The PR intervals during AT are appropriate for the AT rate and are usually longer than those during NSR. The faster the AT rate, the longer the PR interval. Thus, the PR interval can be shorter than, longer than, or equal to the RP interval. The PR interval may also be equal to the RR, and the P wave may fall inside the preceding QRS, thus mimicking typical AVNRT.

Slow-slow AVNRT can be associated with RP intervals and P wave morphology similar to that during orthodromic AVRT using a posteroseptal AV BT. However, although both SVTs have the earliest atrial activation in the posteroseptal region, conduction time from that site to the HB region is significantly longer in AVNRT than in orthodromic AVRT. The results are a significantly longer RP interval in lead V 1 and a significantly larger difference in the RP interval between lead V 1 and inferior leads during AVNRT. Therefore, ΔRP interval (V 1 –III) of more than 20 milliseconds suggests slow-slow AVNRT (sensitivity, 71%; specificity, 87%).

When the P wave is not visible, typical AVNRT is the most likely diagnosis, but AT with long PR interval (P wave is obscured within the QRS) and junctional tachycardia are also possible.
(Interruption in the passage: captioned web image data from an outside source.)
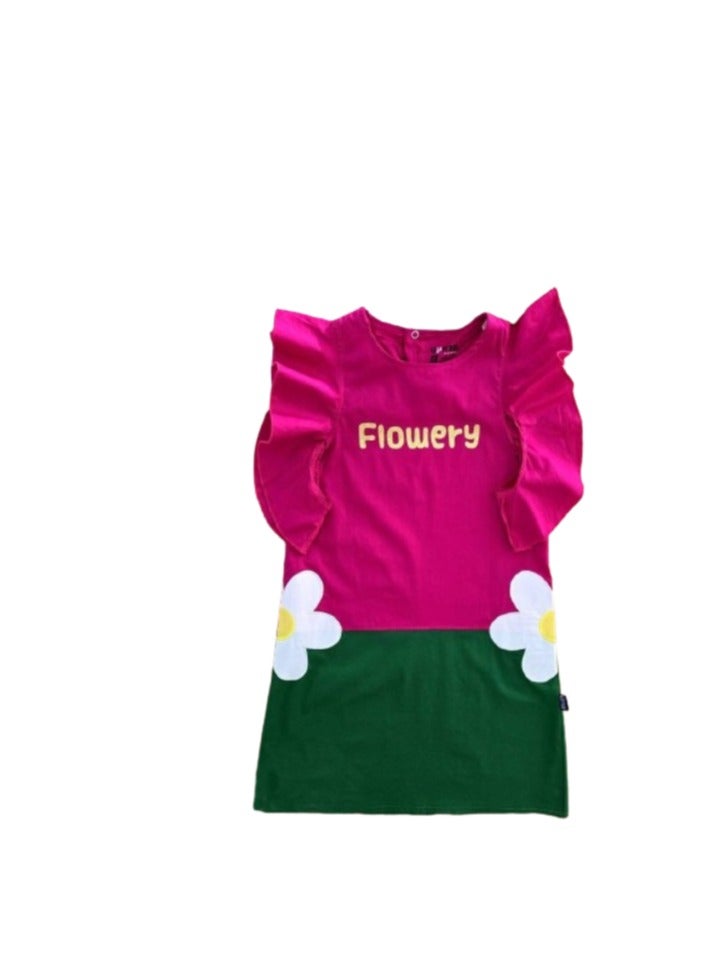 فستان بناتي اخضر في فوشيا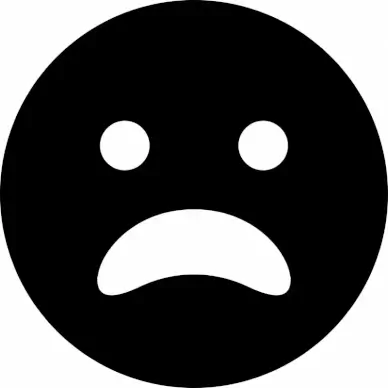 frown open emotion icon flat black white contrast sketch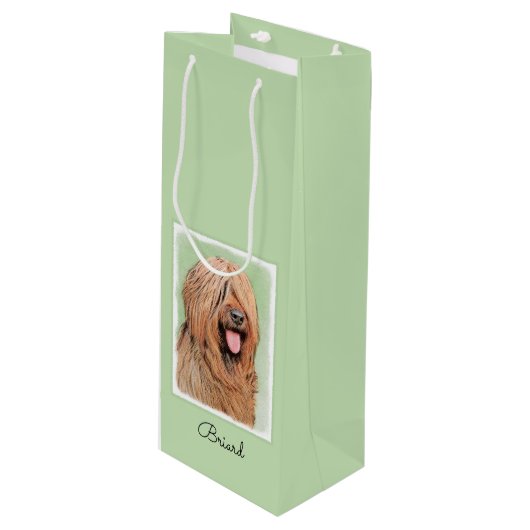 Briardschildering - Kute Original Dog Art Wijn Cadeautas (Voorkant Gekanteld)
Atrial-ventricular relationship

SVTs with an A/V ratio of 1 (i.e., equal number of atrial and ventricular events) include AVNRT, AVRT, and AT. On the other hand, an A/V ratio during the SVT of greater than 1 indicates the presence of AV block and that the ventricles are not required for the SVT circuit, thereby excluding AVRT and suggesting either AT (most common; see Fig. 12.8 ) or AVNRT (rare; see Fig. 21.10 ). AV dissociation (even complete AV block) can be observed during AT (most common) or AVNRT (rare). VA block during SVT is rare but can occur in automatic junctional tachycardia with retrograde VA block and orthodromic AVRT using a nodofascicular or nodoventricular BT for retrograde conduction. Intra-Hisian reentry is another potential mechanism, but it is a theoretical entity whose clinical occurrence has not convincingly been demonstrated.

QRS morphology

The QRS morphology during SVT is usually the same as in NSR. However, SVT can present as a wide complex tachycardia (QRS duration > 120 milliseconds) due to rate-related aberrant conduction, preexisting intraventricular conduction abnormalities, or ventricular preexcitation over an anterogradely conducting BT.

Functional aberration during SVT is much more common in orthodromic AVRT than AVNRT or AT (90% of SVTs with sustained left bundle branch block [LBBB] are orthodromic AVRTs). Thus, the mere presence of LBBB aberrancy during SVT is suggestive of orthodromic AVRT but can still occur in other types of SVTs.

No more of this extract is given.